As a start it helps to convert the Fibonacci sequence into a sequence of remainders.

The remainders on division by 2 are : 1, 1, 0, 1, 1, 0, 1, 1

The remainders on division by 3 are : 1, 1, 2, 0, 2, 2, 1, 0, 1, 1, 2, 0

Each term is produced by adding together the two preceding terms, and keeping in mind that these are remainders after division.

So once a pair of consecutive terms appear a second time the sequence must repeat from then on.

The multiples of 2 (or 3) in the original occur where the term is zero in the remainders sequence.

Thank you Andrei from School No. 205 in Bucharest, Romania for taking this further with a more algebraic solution.

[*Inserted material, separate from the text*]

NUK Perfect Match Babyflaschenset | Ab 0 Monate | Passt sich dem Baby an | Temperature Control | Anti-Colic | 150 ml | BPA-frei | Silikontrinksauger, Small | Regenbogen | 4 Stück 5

First I wrote the Fibonacci numbers up to $f_{12}$ , as calculated from the recurrence relation in the problem. Here they are:

$\begin{matrix} f_{0} & = 0, f_{1} = 1, f_{2} = 1, f_{3} = 2, f_{4} = 3, f_{5} = 5, f_{6} = 8, \\ f_{7} & = 13, f_{8} = 21, f_{9} = 34, f_{10} = 55, f_{11} = 89, f_{12} = 144 \end{matrix} .$

I observed that $f_{3}, f_{6}, f_{9}$ and $f_{12}$ are even. Up to here, $f_{n}$ is even when $n$ is a multiple of 3. I must prove that such a pattern continues.

I also observed that $f_{4}, f_{8}$ and $f_{12}$ are multiples of 3. I could deduce that $f_{n}$ is a multiple of 3 when $n$ is a multiple of 4.

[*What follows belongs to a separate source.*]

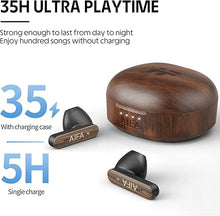 Load image into Gallery viewer, AIFA Wireless Earbuds Bluetooth 5.3 Headphones, Wooden Wireless Earphones 35 Hrs Playtime with Wireless Charging Case with Noise Cancelling Mic for Calls for TV Smart Phone Laptop Computer Sports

Now, I must prove the conjectures that I observed. I shall prove them both by induction.

1) $f_{n}$ - even

$f_{3} = 2$ as calculated before. Let $p$ be a positive integer. I consider that $f_{3 p}$ is even. I must prove that $f_{3 p + 3}$ is also even. From the definition of the Fibonacci Sequence, I obtain:

$f_{3 p + 3} = f_{3 p + 2} + f_{3 p + 1} = (f_{3 p + 1} + f_{3 p}) + f_{3 p + 1} = 2 f_{3 p + 1} + f_{3 p} .$

Here, $2 f_{3 p + 1}$ is divisible by 2, and, from my hypothesis, $f_{3 p}$ is also divisible by 2. So, $f_{3 p + 3}$ is divisible by 2.

Hence, by the axiom of induction, $f_{n}$ is even if $n$ is a multiple of 3.

2) $f_{n}$ - multiple of 3

Let $q$ be a positive integer. I consider that $f_{4 q}$ is a multiple of 3. I shall prove now that $f_{4 q + 4}$ is a multiple of 3:

$\begin{matrix} f_{4 q + 4} & = f_{4 q + 3} + f_{4 q + 2} = (f_{4 q + 2} + f_{4 q + 1}) + f_{4 q + 2} = 2 f_{4 q + 2} + f_{4 q + 1} \\ = 2 (f_{4 q + 1} + f_{4 q}) + f_{4 q + 1} = 3 f_{4 q + 1} + f_{4 q} . \end{matrix}$

In this case $3 f_{4 q + 1}$ is divisible by 3, and so is $f_{4 q}$ (from my hypothesis). I must also say that $f_{4} = 3$ , which is a multiple of 3. Hence by the axiom of induction $f_{n}$ is a multiple of 3 if $n$ is a multiple of 4.

Editor's note: We should still show that these are the only Fibonnaci numbers divisible by 3 to prove the 'only if' condition.

If any two consecutive Fibonacci numbers have a common factor (say 3) then every Fibonacci number must have that factor. This is clearly not the case so no two consecutive Fibonacci numbers can have a common factor. If $f_{n}$ and $f_{n + 2}$ are both multiples of 3 then $f_{n + 1}$ must also be a multiple of 3 and hence all Fibonacci numbers will be multiples of 3 which is not the case. This shows that if $f_{n}$ and $f_{n + 4}$ are multiples of 3 then no Fibonacci numbers between them can be multiples of 3, that is $f_{n}$ is divisible by 3 only if $n$ is a multiple of 4.